In 1969, a part-time lecturer at the University of Maryland named Bernice Sandler was struggling to move up the career ladder. She had a doctorate in counseling psychology, but when she applied for one of her department's seven tenure-track positions, she wasn't even considered. One of her colleagues told her that even though she was qualified, she might as well not apply because she seemed "too strong for a woman." She was rejected twice more after that. One interviewer told her that she wasn't a real professor, but "just a housewife who went back to school."
Sandler didn't back down. Instead, she read everything she could find about workplace discrimination. She read about the Equal Pay Act of 1963, which was intended to equalize pay for men and women — but there was a broad exemption for anyone in "executive, professional, and administrative positions," including all teachers at any level. She found an executive order that President Johnson had ordered as an expansion of the Civil Rights Act, which made it illegal for companies doing business with the government to discriminate on the basis of race, religion, or nationality.
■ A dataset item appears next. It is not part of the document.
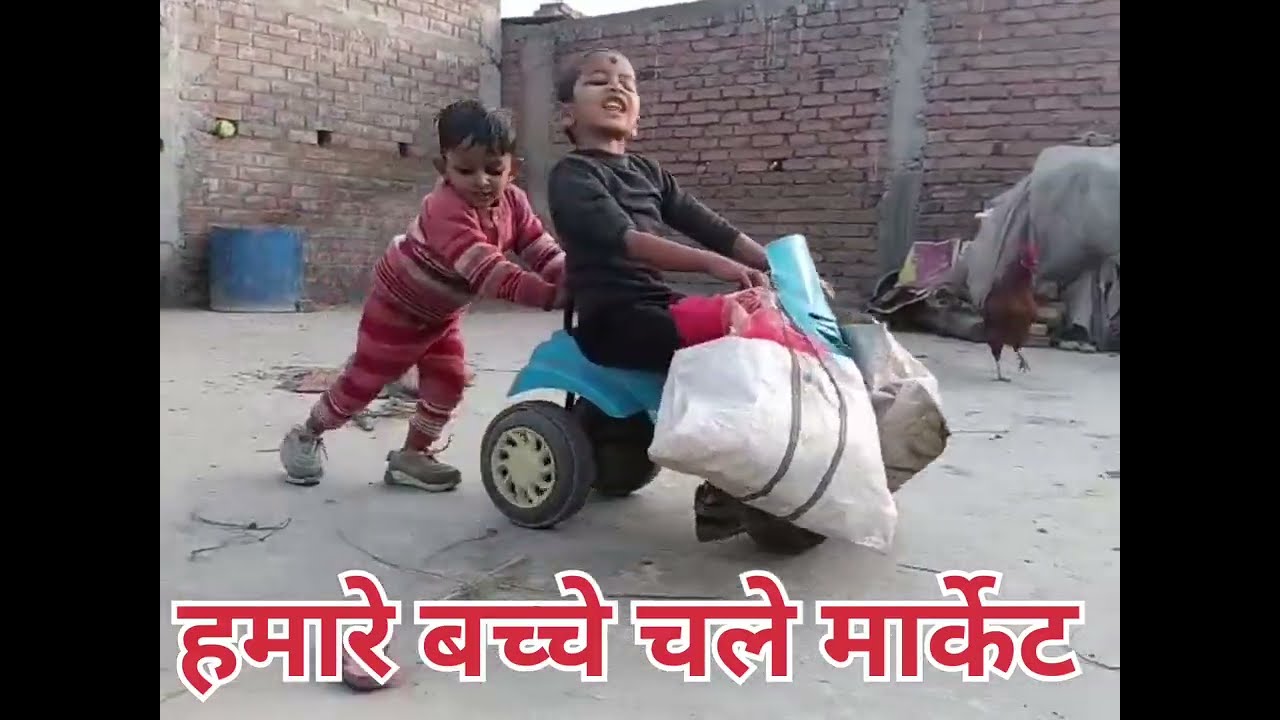 हमारे बच्चे चले मार्केट //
It had been amended in 1967 to also prohibit discrimination based on sex. As soon as she read that, Sandler realized that she had found her loophole. She said, "Even though I was alone, I shrieked with my discovery." Since universities took funding from the government, they could technically be said to be "doing business with the government," and so they should be subject to Johnson's executive order as well.
Sandler ordered a class action charge against all universities and colleges in the country. She backed up her case with a long report of data, including statistics like the high ratio of female Ph.D.s to female faculty members. Hundreds of qualified women who had been denied academic positions wrote testimonials. Sandler worried that a federal order could be easily undone, and she believed that sex discrimination should be prohibited by a formal law. Representative Edith Green of Oregon, chair of the House Committee on Education, introduced the bill known as Title IX, requiring gender equity in education, as part of the 1972 Education Act. She actually encouraged women's groups and other supporters to stay silent on the issue, with the hope that Congress wouldn't think too hard about the significance of Title IX and just vote for it. That is exactly what happened. Someone raised a brief concern that the bill would require schools to allow women to play football. Once the bill's sponsors reassured everyone that this would not happen, the bill was passed.
Title IX revolutionized gender equity in education. Since its passage, the percentage of women obtaining degrees in higher education has steadily climbed, and women now outpace men in obtaining both bachelor's and graduate degrees. By far the greatest impact has been felt in sports. After the passage of Title IX, women's teams were required to have the same resources as men's teams — coaches, training facilities, locker rooms, equipment, etc. Spending on men's and women's sports had to be proportional to the number of athletes participating. In 1972, there were 170,000 men competing in NCAA sports and just 30,000 women — that number has now grown to 150,000. At the high school level, girls' participation in sports has increased by more than 900 percent.
On this day in 1868, the first typewriter was patented by Christopher Latham Sholes. It only had capital letters and it took up as much room as a large table. Typewriters were slow sellers at first, but Mark Twain bought one almost as soon as they came out, and in 1883 Twain sent the manuscript of his book Life on the Mississippi (1883) to his publisher in typed form, the first author ever to do so.